Hollins and Clyburn released a statement Monday morning denouncing the representative for using their likeness as an endorsement in the political mailer. They said they have reached out to her campaign to stop distribution.

“I was truly shocked. It was a brazen act because Representative Thierry is highly aware of the fact that I’m supporting her opponent in this race,” said newly elected Houston City Controller Chris Hollins in an interview with Chron Monday. He said he was shocked last week when he received a message from a constituent about the controversial campaign mailer with the Houstonian asking Hollins if his endorsement had changed. “Imagine what’s going through my mind when I see a picture of myself in a Shawn Thierry campaign ad. I thought it was incredibly dishonest.”

Hollins added that Clyburn, a veteran politician in the U.S. House of Representatives, didn’t know who Thierry was before he was told of the mailer.

“Texas State Representative Shawn Thierry is misrepresenting a photo she took with Congressman Clyburn as an endorsement in her reelection campaign,” Clyburn said in the press release. “Congressman Clyburn does not support Shawn Thierry, nor has he endorsed her. We have contacted her campaign and advised them to cease using his likeness in her campaign materials immediately.”

Hollins said Thierry’s comments showed a “lack of judgment and temperament” that showed she’s not the best person to represent her district.
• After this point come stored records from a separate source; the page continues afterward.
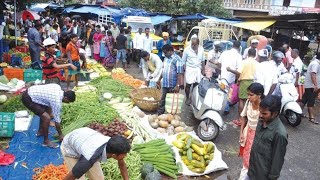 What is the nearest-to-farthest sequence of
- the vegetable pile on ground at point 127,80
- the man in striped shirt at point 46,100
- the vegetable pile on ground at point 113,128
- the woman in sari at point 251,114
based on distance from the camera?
the woman in sari at point 251,114 < the man in striped shirt at point 46,100 < the vegetable pile on ground at point 113,128 < the vegetable pile on ground at point 127,80

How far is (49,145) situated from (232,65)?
4487 mm

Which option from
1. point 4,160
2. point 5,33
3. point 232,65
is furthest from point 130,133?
point 5,33

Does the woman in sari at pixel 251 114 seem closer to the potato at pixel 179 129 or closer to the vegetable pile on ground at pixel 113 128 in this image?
the potato at pixel 179 129

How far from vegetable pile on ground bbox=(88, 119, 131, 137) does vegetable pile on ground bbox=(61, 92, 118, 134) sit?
0.13 m

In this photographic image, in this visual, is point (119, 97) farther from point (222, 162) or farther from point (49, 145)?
point (222, 162)

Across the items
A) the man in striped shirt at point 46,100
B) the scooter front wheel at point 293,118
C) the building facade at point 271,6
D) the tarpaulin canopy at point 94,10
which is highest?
the building facade at point 271,6

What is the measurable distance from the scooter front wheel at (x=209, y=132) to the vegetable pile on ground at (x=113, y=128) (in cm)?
155

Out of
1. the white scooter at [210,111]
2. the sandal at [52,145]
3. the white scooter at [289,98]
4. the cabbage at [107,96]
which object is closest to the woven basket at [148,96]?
the cabbage at [107,96]

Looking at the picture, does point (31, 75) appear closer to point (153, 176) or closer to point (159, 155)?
point (159, 155)

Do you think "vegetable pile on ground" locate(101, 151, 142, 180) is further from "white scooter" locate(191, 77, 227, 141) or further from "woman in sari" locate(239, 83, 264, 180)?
"white scooter" locate(191, 77, 227, 141)

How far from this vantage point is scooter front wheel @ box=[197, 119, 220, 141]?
6176 mm

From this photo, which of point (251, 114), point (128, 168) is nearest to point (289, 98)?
point (251, 114)

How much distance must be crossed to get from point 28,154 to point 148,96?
11.9 ft

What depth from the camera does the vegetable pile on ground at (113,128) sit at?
18.2 ft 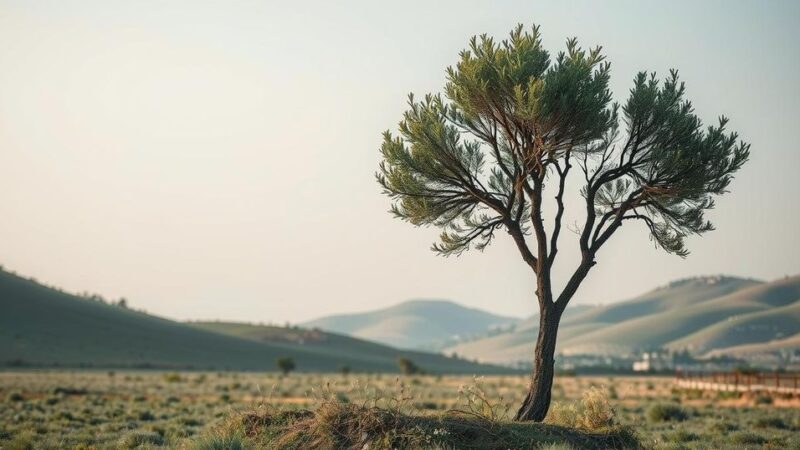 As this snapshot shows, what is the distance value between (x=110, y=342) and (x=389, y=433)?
112 m

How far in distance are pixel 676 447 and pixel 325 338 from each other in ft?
563

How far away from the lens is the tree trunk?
20656mm

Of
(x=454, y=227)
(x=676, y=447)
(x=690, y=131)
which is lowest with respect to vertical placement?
(x=676, y=447)

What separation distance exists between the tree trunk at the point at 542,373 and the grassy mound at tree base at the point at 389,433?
1850mm

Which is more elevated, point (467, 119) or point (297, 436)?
point (467, 119)

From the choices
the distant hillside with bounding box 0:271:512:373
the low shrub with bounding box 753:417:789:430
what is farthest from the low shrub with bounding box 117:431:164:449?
the distant hillside with bounding box 0:271:512:373

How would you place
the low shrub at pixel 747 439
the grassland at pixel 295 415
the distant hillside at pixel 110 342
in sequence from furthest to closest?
the distant hillside at pixel 110 342, the low shrub at pixel 747 439, the grassland at pixel 295 415

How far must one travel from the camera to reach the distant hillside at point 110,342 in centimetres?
10975

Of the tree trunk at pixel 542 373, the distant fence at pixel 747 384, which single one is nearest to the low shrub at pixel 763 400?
the distant fence at pixel 747 384

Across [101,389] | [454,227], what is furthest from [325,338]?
[454,227]

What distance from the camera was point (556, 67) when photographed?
19.8 m

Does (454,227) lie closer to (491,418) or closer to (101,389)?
(491,418)

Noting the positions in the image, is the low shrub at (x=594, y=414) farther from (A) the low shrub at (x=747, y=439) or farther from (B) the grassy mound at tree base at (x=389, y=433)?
(A) the low shrub at (x=747, y=439)

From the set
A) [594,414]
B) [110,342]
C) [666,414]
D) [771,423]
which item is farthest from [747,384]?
[110,342] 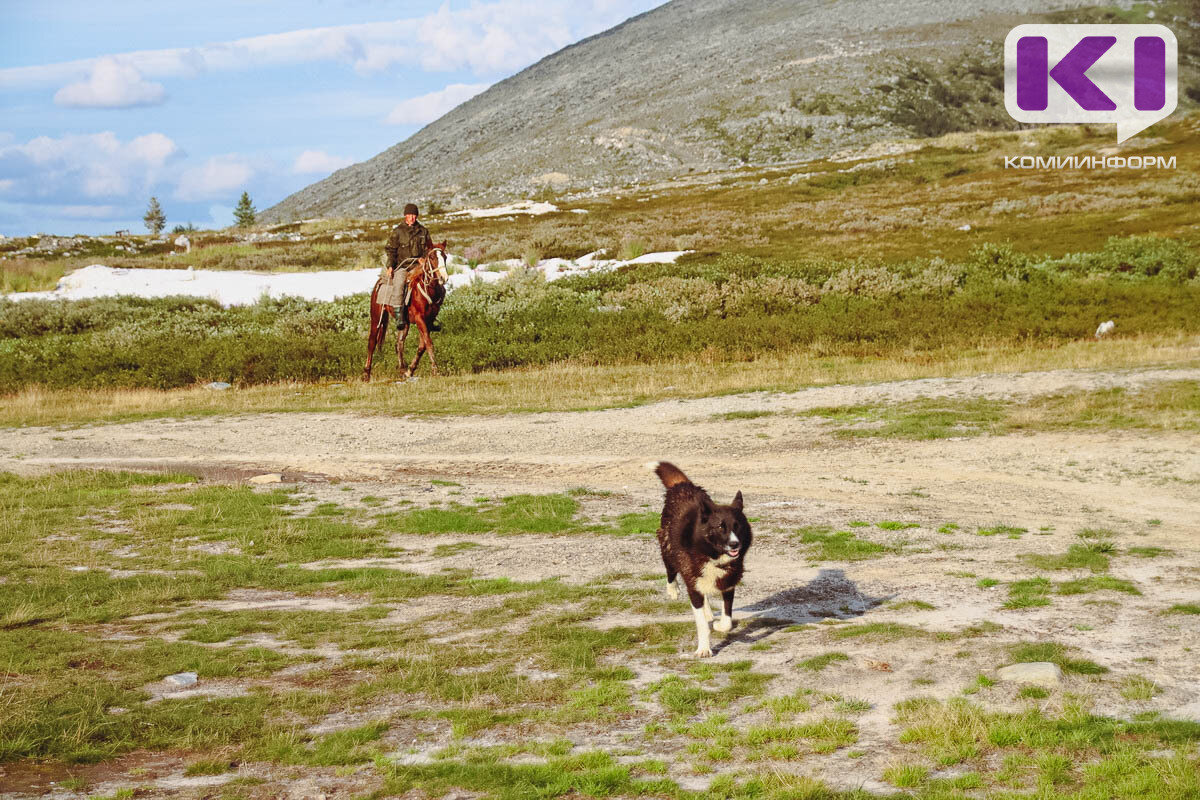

“The lack of judgment and the lack of the kind of temperament that you would want to see in a leader was evident,” he said. “To make an off-hand comment like that was so disrespectful to the LGBTQ-plus community, and it’s not in line with Democratic values, period. And this seat was drawn by Republicans to be a safe Democratic [district], and so we deserve someone who’s going to be representing Democratic values, and Shawn Thierry is not that person.”

Wow. I don’t know if this was a screwup or a sign of desperation – candidates who are confident in their position are much less likely to misrepresent who their prominent supporters are, precisely because it leads to this kind of negative attention – but either way it’s pretty brutal. I’m not shedding any tears.